# TextBlob: Sentiment Analysis &amp; Classifiers

## What is Sentiment Analysis?

Sentiment analysis is a method in NLP used to classify the emotion (or tone) and subjectiveness of human language. At the most common and basic level, the goal is to classify a text as positive, negative, or neutral in tone, and to determine how subjective it is. The aspect of subjectivity will only very briefly be noted in this workshop.

At a more complex level, sentiment analysis is a technique used to classify the specific emotions in human language, such as angry, happy, sad, excited, etc. So instead of simply learning/classifying three classes (positive, negative, neutral), the goal is to involve many specific classes.

## Why Use Sentiment Analysis?

The actual usefulness of sentiment analysis depends on the industry using it, but the most common reason to use it involve scraping lots of data (e.g. twitter feeds or reddit comments) to determine how customers/users feel about a particular brand, product, or service. 

There is also a use for sentiment analysis when analyzing financial securities (stock market): if a large proportion of people shift in sentiment about a particular market or stock, that is going to affect the price of securities involved.

## Specific Uses

* Insight into opinions on specific political policies
* Brand monitoring (how is a brand perceived?)
* Identify good and bad aspects of product or ads
* Impact of changes in sentiment on securities markets
* Will likely be used one day with virtual assistants and other AI
* Hotels can use it to know how they can improve their property and service

## Getting Started

In [3]:
# import what we need
import pandas as pd
from pandas import DataFrame as DF, Series

import numpy as np

import matplotlib.pyplot as plt
%matplotlib inline

from textblob import TextBlob

In [5]:
# read data
cols = ['airline_sentiment','airline_sentiment_confidence',
        'airline','name','text']
data = pd.read_csv('data/tweets.csv', usecols=cols)

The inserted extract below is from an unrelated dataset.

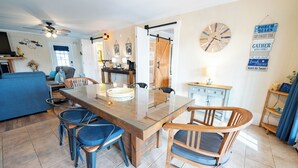 A dining area with a glass-top table, wooden chairs, and a kitchen in the background. - Ground Level, Bayside Retreat w/ bay access! Dogs OK, Large Pond (Eastpoint)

Below is the first 5 rows of our data. We will only be using the first two features, and the last feature.

In [6]:
data.head()

Unnamed: 0,airline_sentiment,airline_sentiment_confidence,airline,name,text
0,neutral,1.0,Virgin America,cairdin,@VirginAmerica What @dhepburn said.
1,positive,0.3486,Virgin America,jnardino,@VirginAmerica plus you've added commercials t...
2,neutral,0.6837,Virgin America,yvonnalynn,@VirginAmerica I didn't today... Must mean I n...
3,negative,1.0,Virgin America,jnardino,@VirginAmerica it's really aggressive to blast...
4,negative,1.0,Virgin America,jnardino,@VirginAmerica and it's a really big bad thing...


# Polarity & Subjectivity Using TextBlob `sentiment`

## Basic Sentiment Analysis

### Using the TextBlob `sentiment` method

TextBlob has a `sentiment` method that can be used on any `TextBlob` object. It returns two values:
* polarity: value in range [-1, 1], indicating how negative or positive the text is (close to 0.0 is neutral).
* subjectivity: value in range [0, 1], indicating how subjective the text is (1 is very subjective)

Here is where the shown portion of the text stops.